_What the task requires_
Beginning at the top of the data below, restate every line word for word until the line containing "organized structure to" has been included, and omit the pictures.

_Information shown_
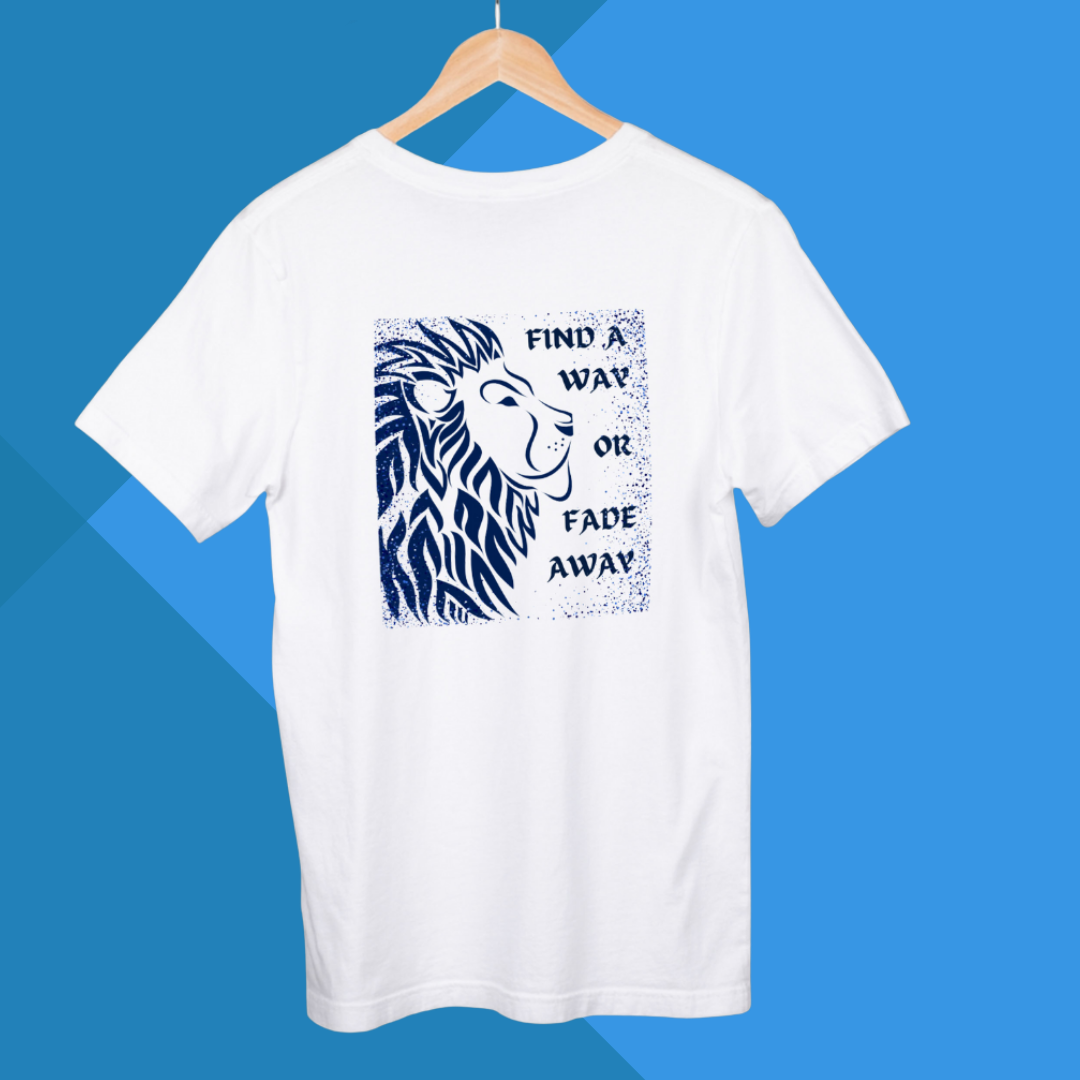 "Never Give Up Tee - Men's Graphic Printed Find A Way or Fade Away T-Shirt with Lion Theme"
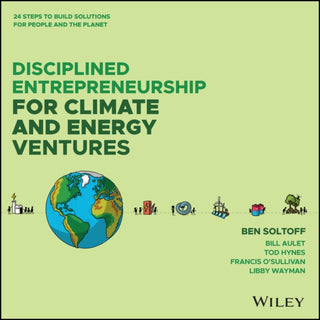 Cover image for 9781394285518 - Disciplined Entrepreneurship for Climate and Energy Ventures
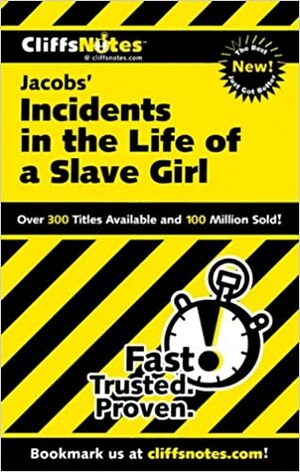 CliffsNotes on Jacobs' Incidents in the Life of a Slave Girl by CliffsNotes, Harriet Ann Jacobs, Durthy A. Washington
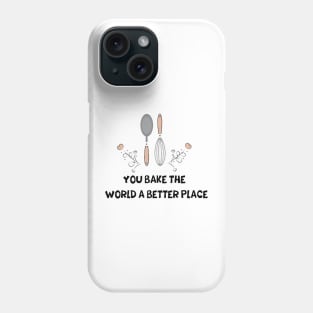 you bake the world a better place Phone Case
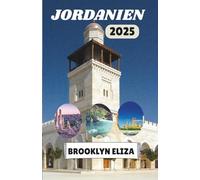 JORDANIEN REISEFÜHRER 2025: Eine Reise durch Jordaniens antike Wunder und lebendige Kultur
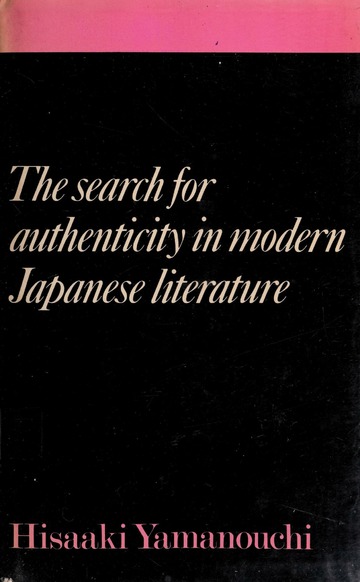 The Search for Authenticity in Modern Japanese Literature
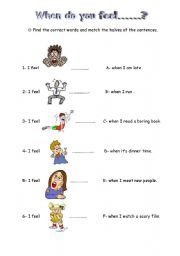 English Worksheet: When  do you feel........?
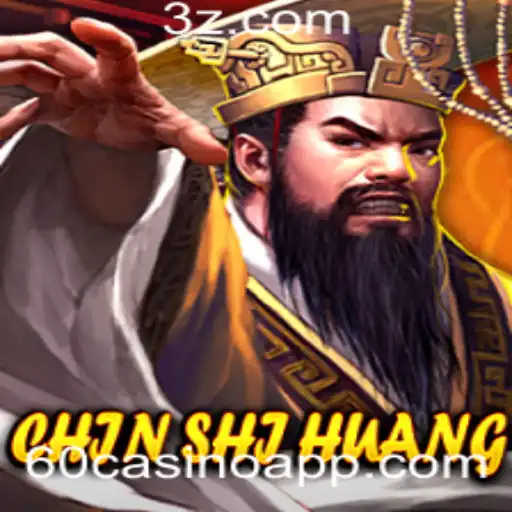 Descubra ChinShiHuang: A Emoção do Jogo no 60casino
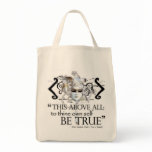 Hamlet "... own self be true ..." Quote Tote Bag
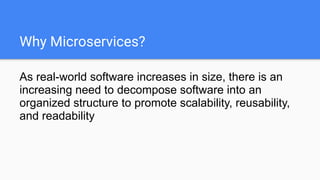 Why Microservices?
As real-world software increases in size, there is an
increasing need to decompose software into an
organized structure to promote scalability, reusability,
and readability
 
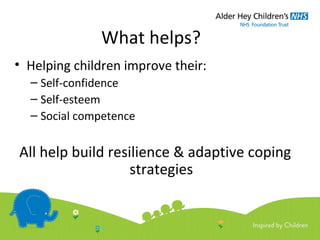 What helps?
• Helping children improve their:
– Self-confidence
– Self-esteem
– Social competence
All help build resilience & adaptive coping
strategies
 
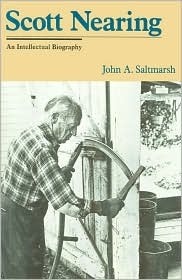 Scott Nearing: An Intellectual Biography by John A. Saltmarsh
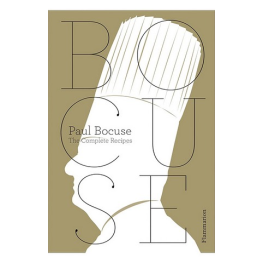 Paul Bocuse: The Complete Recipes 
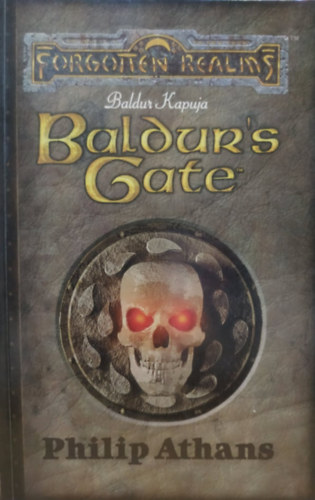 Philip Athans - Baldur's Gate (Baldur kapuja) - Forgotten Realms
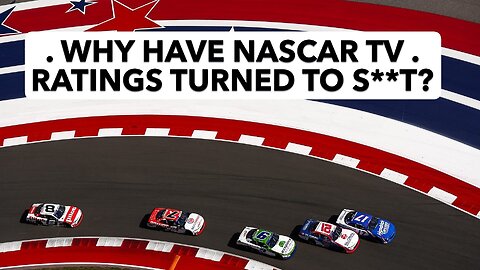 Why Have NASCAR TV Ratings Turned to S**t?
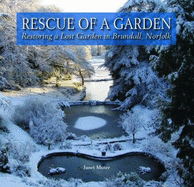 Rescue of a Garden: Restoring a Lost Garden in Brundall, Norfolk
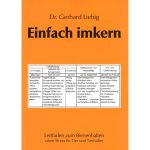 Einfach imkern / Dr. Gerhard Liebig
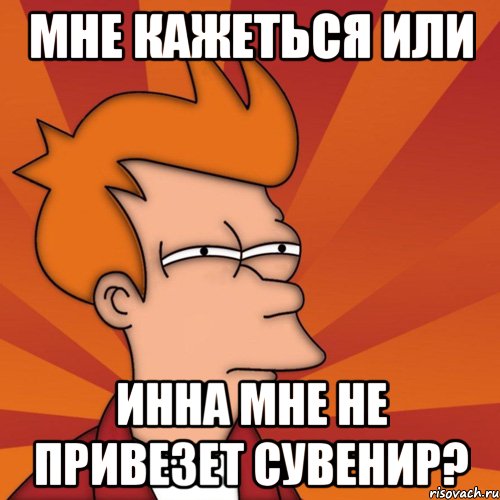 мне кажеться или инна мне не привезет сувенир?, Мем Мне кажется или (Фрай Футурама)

_Response to this task_
 "Never Give Up Tee - Men's Graphic Printed Find A Way or Fade Away T-Shirt with Lion Theme"
 Cover image for 9781394285518 - Disciplined Entrepreneurship for Climate and Energy Ventures
 CliffsNotes on Jacobs' Incidents in the Life of a Slave Girl by CliffsNotes, Harriet Ann Jacobs, Durthy A. Washington
 you bake the world a better place Phone Case
 JORDANIEN REISEFÜHRER 2025: Eine Reise durch Jordaniens antike Wunder und lebendige Kultur
 The Search for Authenticity in Modern Japanese Literature
 English Worksheet: When  do you feel........?
 Descubra ChinShiHuang: A Emoção do Jogo no 60casino
 Hamlet "... own self be true ..." Quote Tote Bag
 Why Microservices?
As real-world software increases in size, there is an
increasing need to decompose software into an
organized structure to promote scalability, reusability,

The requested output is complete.